[Records for processing]
···
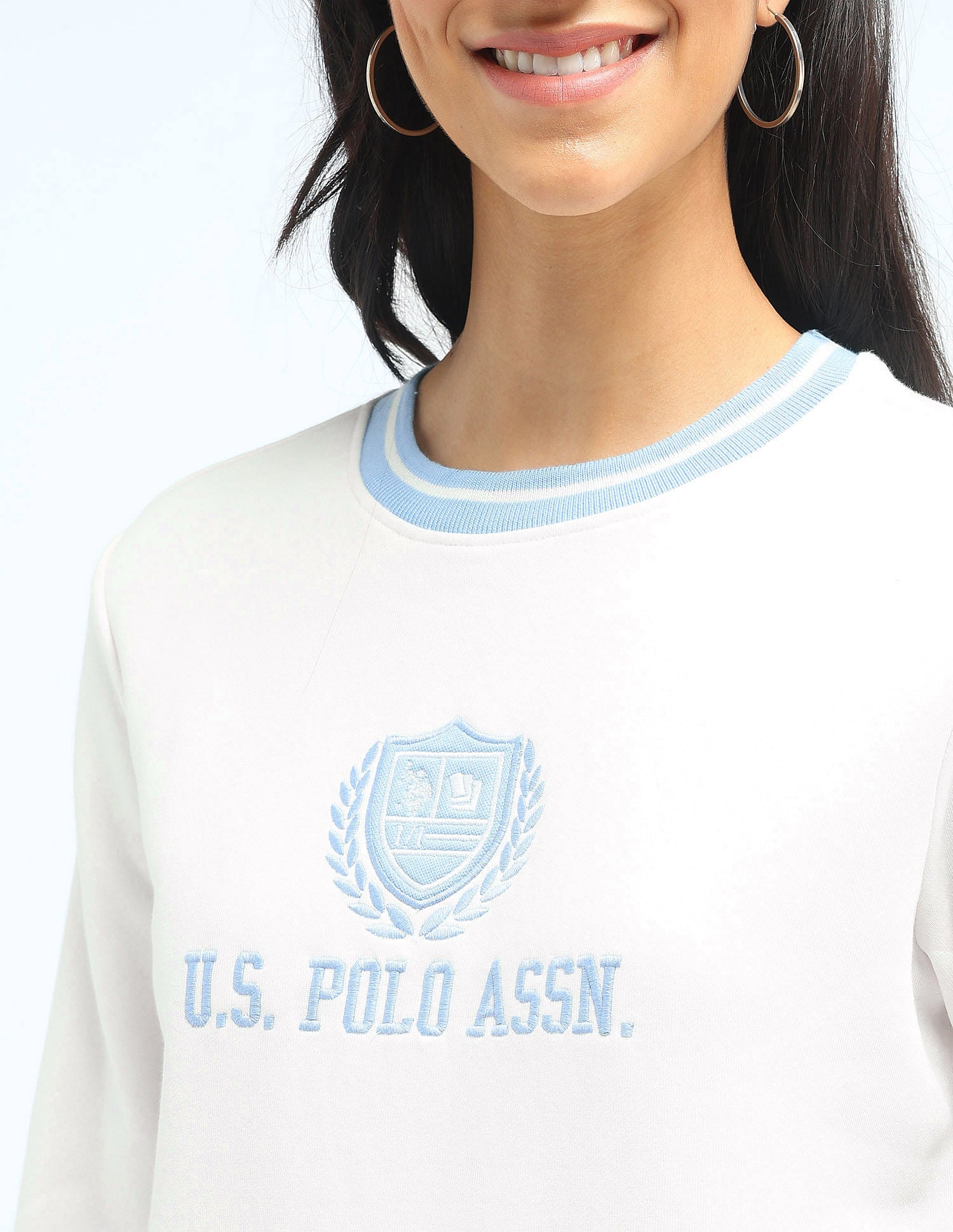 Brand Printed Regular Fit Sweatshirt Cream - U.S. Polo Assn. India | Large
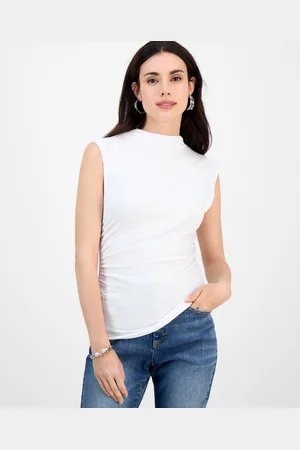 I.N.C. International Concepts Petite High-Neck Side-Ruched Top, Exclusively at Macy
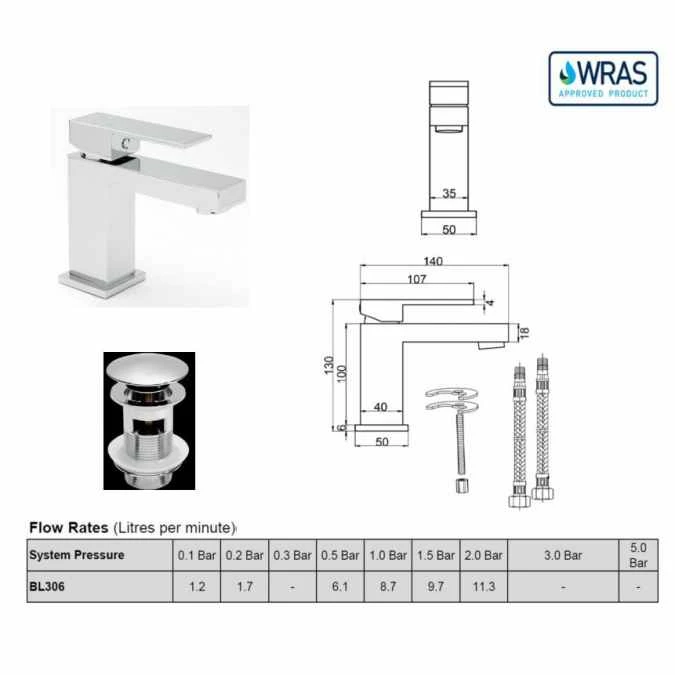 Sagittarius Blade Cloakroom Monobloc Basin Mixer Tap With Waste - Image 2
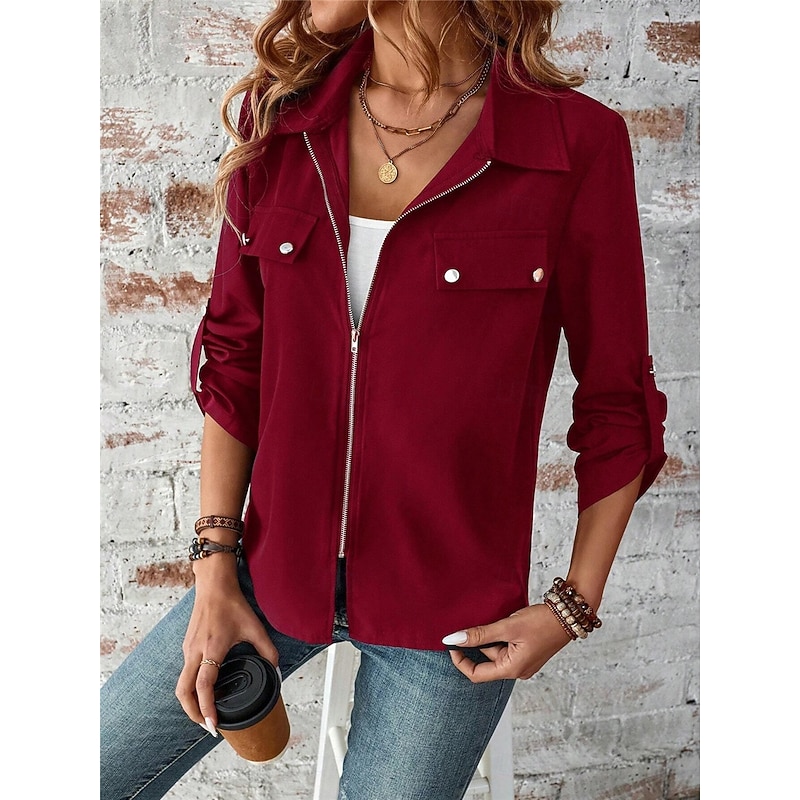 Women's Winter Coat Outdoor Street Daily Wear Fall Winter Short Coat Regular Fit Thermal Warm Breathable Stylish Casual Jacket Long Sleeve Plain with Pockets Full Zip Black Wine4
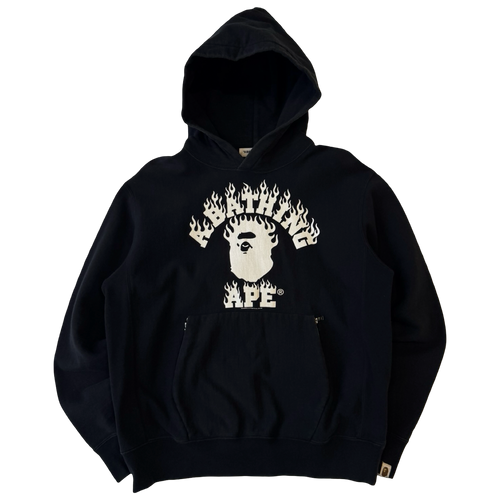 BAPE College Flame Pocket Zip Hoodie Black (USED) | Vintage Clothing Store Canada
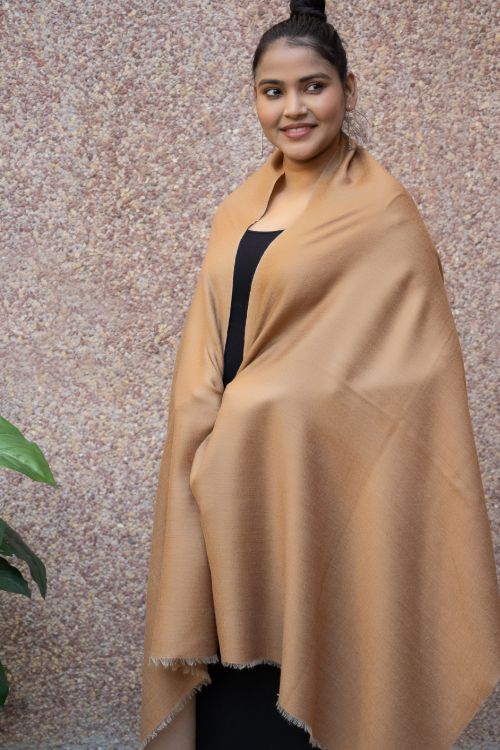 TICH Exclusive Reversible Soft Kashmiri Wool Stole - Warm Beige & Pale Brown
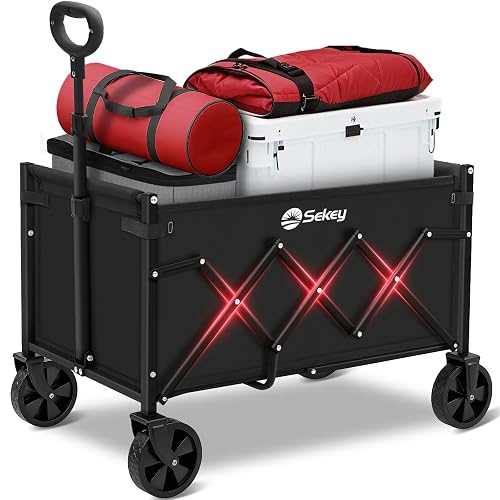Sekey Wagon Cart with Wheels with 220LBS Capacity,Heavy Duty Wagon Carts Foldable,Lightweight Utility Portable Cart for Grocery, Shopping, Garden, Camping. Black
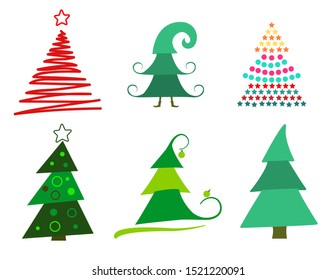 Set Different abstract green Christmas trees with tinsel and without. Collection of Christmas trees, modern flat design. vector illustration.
···
[Work to be completed]
Return each line of the data, keeping its wording exact and omitting pictures.

[Exercise answer]
 Brand Printed Regular Fit Sweatshirt Cream - U.S. Polo Assn. India | Large
 I.N.C. International Concepts Petite High-Neck Side-Ruched Top, Exclusively at Macy
 Sagittarius Blade Cloakroom Monobloc Basin Mixer Tap With Waste - Image 2
 Women's Winter Coat Outdoor Street Daily Wear Fall Winter Short Coat Regular Fit Thermal Warm Breathable Stylish Casual Jacket Long Sleeve Plain with Pockets Full Zip Black Wine4
 BAPE College Flame Pocket Zip Hoodie Black (USED) | Vintage Clothing Store Canada
 TICH Exclusive Reversible Soft Kashmiri Wool Stole - Warm Beige & Pale Brown
Sekey Wagon Cart with Wheels with 220LBS Capacity,Heavy Duty Wagon Carts Foldable,Lightweight Utility Portable Cart for Grocery, Shopping, Garden, Camping. Black
 Set Different abstract green Christmas trees with tinsel and without. Collection of Christmas trees, modern flat design. vector illustration.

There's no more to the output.